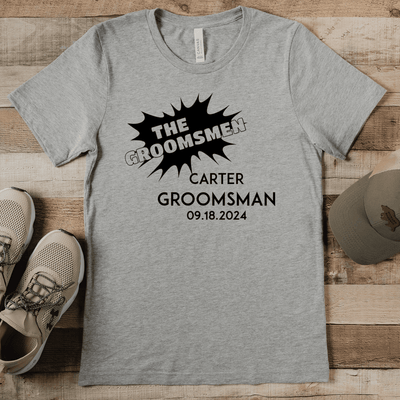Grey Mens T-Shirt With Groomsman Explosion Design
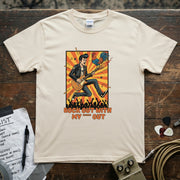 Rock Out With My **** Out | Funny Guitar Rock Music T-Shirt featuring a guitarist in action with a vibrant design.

+ + + + +

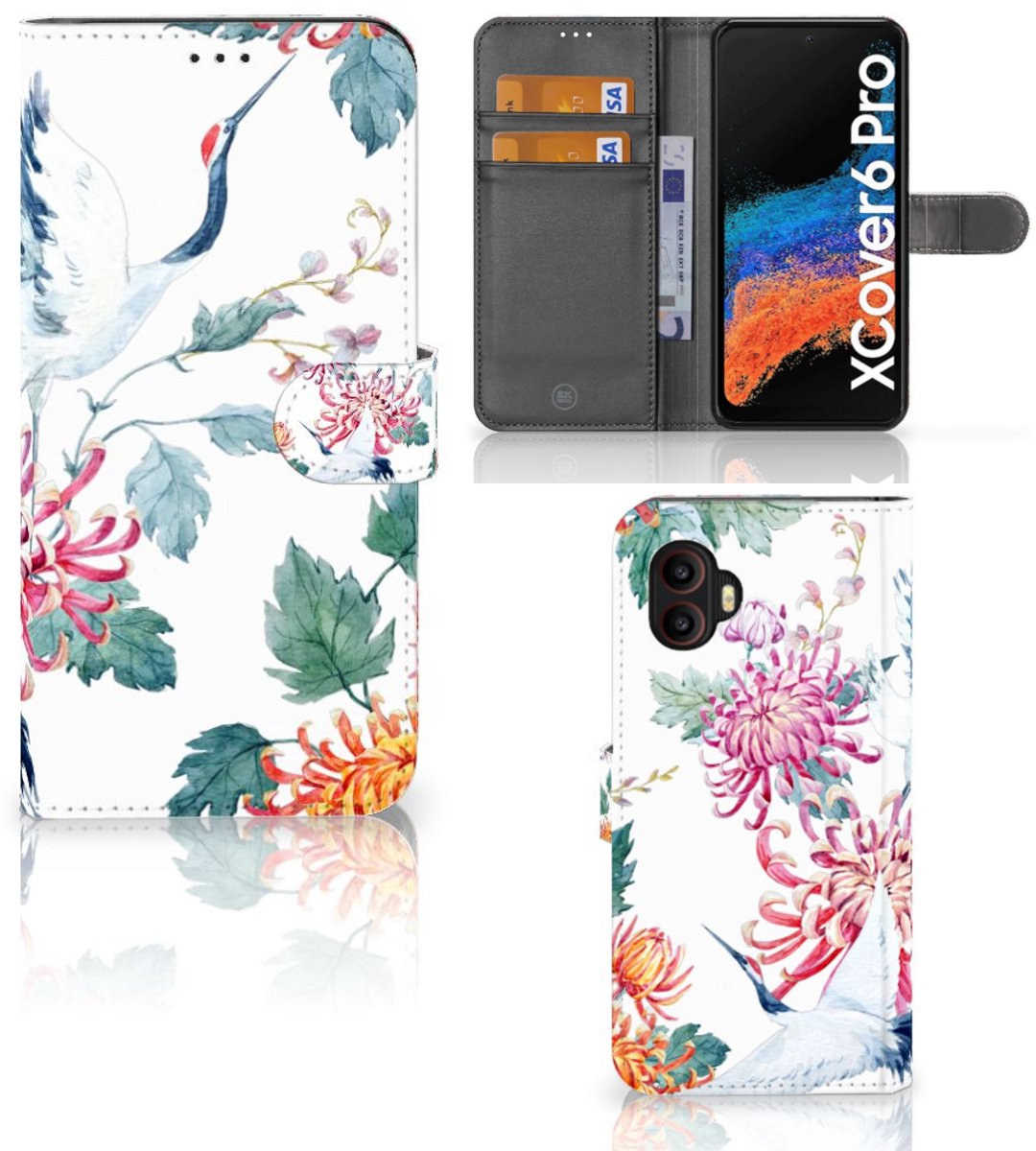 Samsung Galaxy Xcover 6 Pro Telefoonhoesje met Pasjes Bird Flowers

+ + + + +

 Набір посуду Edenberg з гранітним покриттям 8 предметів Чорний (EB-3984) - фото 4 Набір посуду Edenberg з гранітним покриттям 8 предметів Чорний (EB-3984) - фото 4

+ + + + +

**REQUIRED ACTION**
Look above for the line with "Grey Mens T-Shirt"; quote it and every line after it, stopping after the line with "Rock Out With", exactly, with nothing added and without pictures.

**FINISHED TASK**
Grey Mens T-Shirt With Groomsman Explosion Design
 Rock Out With My **** Out | Funny Guitar Rock Music T-Shirt featuring a guitarist in action with a vibrant design.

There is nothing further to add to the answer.